O povo recebia os stránniks com prazer, porque admirava sua liberdade e seu conhecimento do mundo e das pessoas. "Era uma religião popular, enquanto os stránniks eram os santos populares; eles estavam livres do poder da instituição religiosa ou estatal, estavam próximos do povo, porque nunca se separavam dele, estavam constantemente diante de seus olhos... Cada pessoa tinha a possibilidade de aderir a esses ideais, tornando-se um stránnik", escreveu o especialista em stránniks, Daniil Dorofeev.
Stránniks-vagabundos
“A multidão correu até ele [o padre], pedindo bênçãos, conselhos e ajuda. Entre eles havia stránniks mulheres, que sempre andam de um lugar santo a outro, de um ancião a outro, sempre humildes diante de cada santuário e de cada ancião. Também entre as pessoas havia os stránniks, principalmente soldados aposentados, que haviam se afastado de uma vida estável, pobres, em sua maioria, idosos bêbados, que vagavam de mosteiro para mosteiro apenas para se alimentar", assim Lev Tolstói descreve os stránniks na sua obra-prima "Padre Sérgio”.
Nem todos os stránniks eram verdadeiros crentes ou levavam vidas piedosas. O destino empurrava para a rua muitas pessoas comuns que eram forçadas a escolher as esmolas como forma de subsistência. Elas constituíam a enorme massa cinzenta que sempre estava perto dos locais de peregrinação.
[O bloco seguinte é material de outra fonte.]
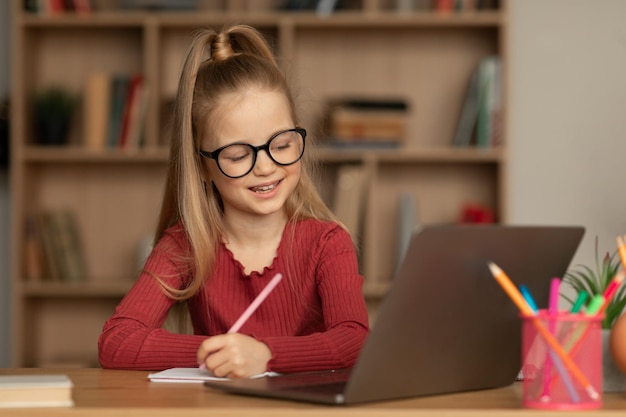 Scolara che impara online usando il laptop e prendendo appunti a casa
No início do século 20, quando já existiam muitas ferrovias na Rússia e a mobilidade da população aumentou, o fenômeno dos stránniks começou a desaparecer.
O útimo imperador russo Nicolau 2º e sua família ainda acolhiam diversos stránniks, entre eles, Vassíli Bossonógui e Paraskeva Saróvskaia, mas essas pessoas, amplamente conhecidas e admiradas, já estavam longe dos verdadeiros stránniks, que sempre se distinguiam principalmente pelo anonimato.
Além disso, após o nascimento de seu tão esperado herdeiro, o casal imperial russo perdeu completamente seu interesse pelos stránniks.